*** Opening Input data ***

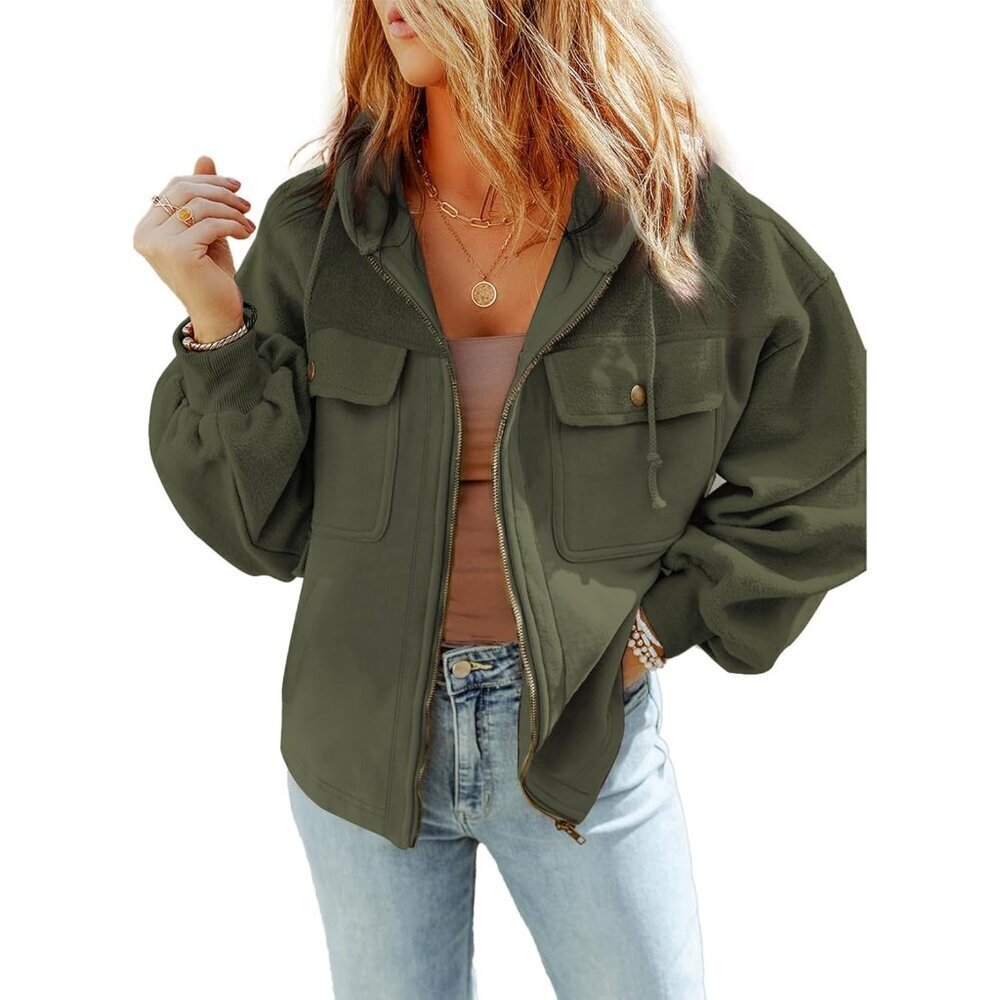 Jackets for Women Casual Long Sleeve Drawstring Fuzzy Sherpa Hooded Zip Up Jacke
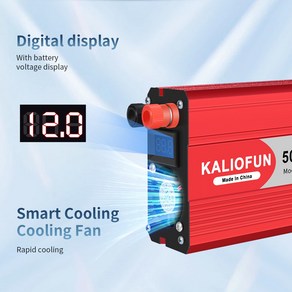 KALIOFUN 인버터 한국형 플러그 60hz 220V KC 인증 용량 1000W, 3000W-24V-220V, 1개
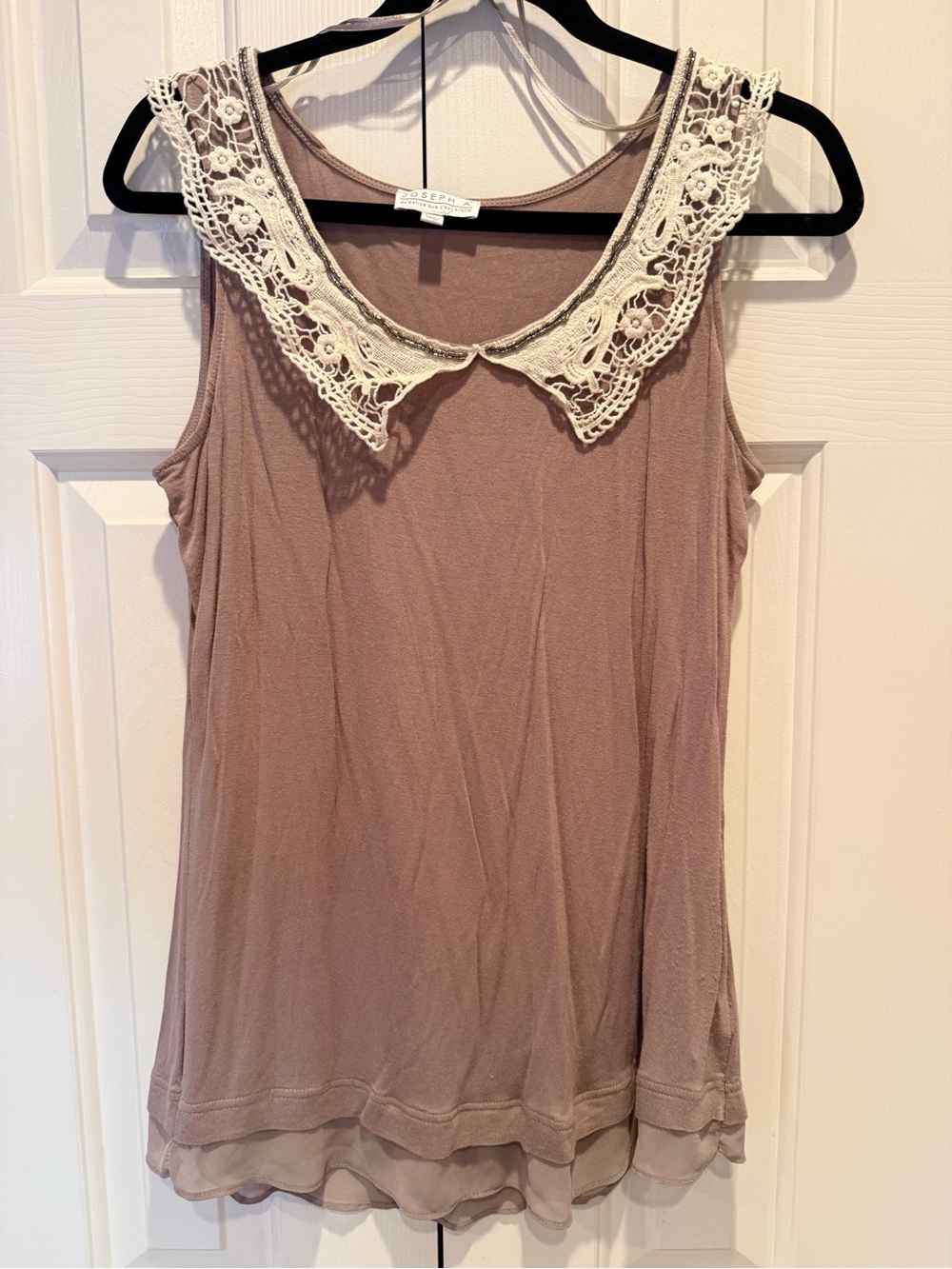 Joseph A Tan Tank Top with Cream Lace Collar
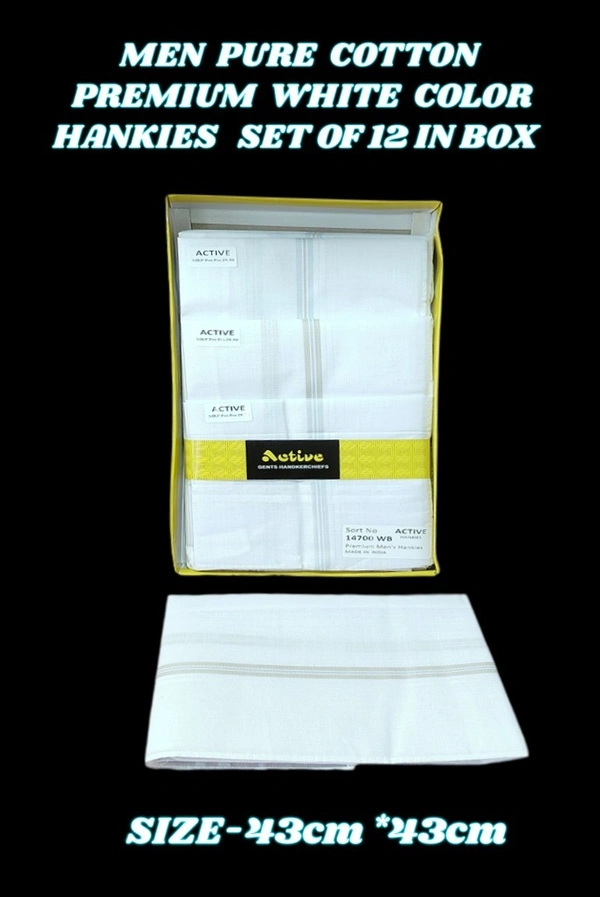 MENS PURE COTTON PREMIUM  QUALITY  WHITE COLOR  WITH STRIP DESIGN  HANKIES, SET OF 12 PICES IN BOX, SIZE-43*43 Cm - 43*43, 12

*** Closing Input data ***

*Task item:*
Your task is to copy exactly the lines from the line containing "KALIOFUN 인버터 한국형" through the final line of the listing above and to omit every picture.

*Your solution:*
 KALIOFUN 인버터 한국형 플러그 60hz 220V KC 인증 용량 1000W, 3000W-24V-220V, 1개
 Joseph A Tan Tank Top with Cream Lace Collar
 MENS PURE COTTON PREMIUM  QUALITY  WHITE COLOR  WITH STRIP DESIGN  HANKIES, SET OF 12 PICES IN BOX, SIZE-43*43 Cm - 43*43, 12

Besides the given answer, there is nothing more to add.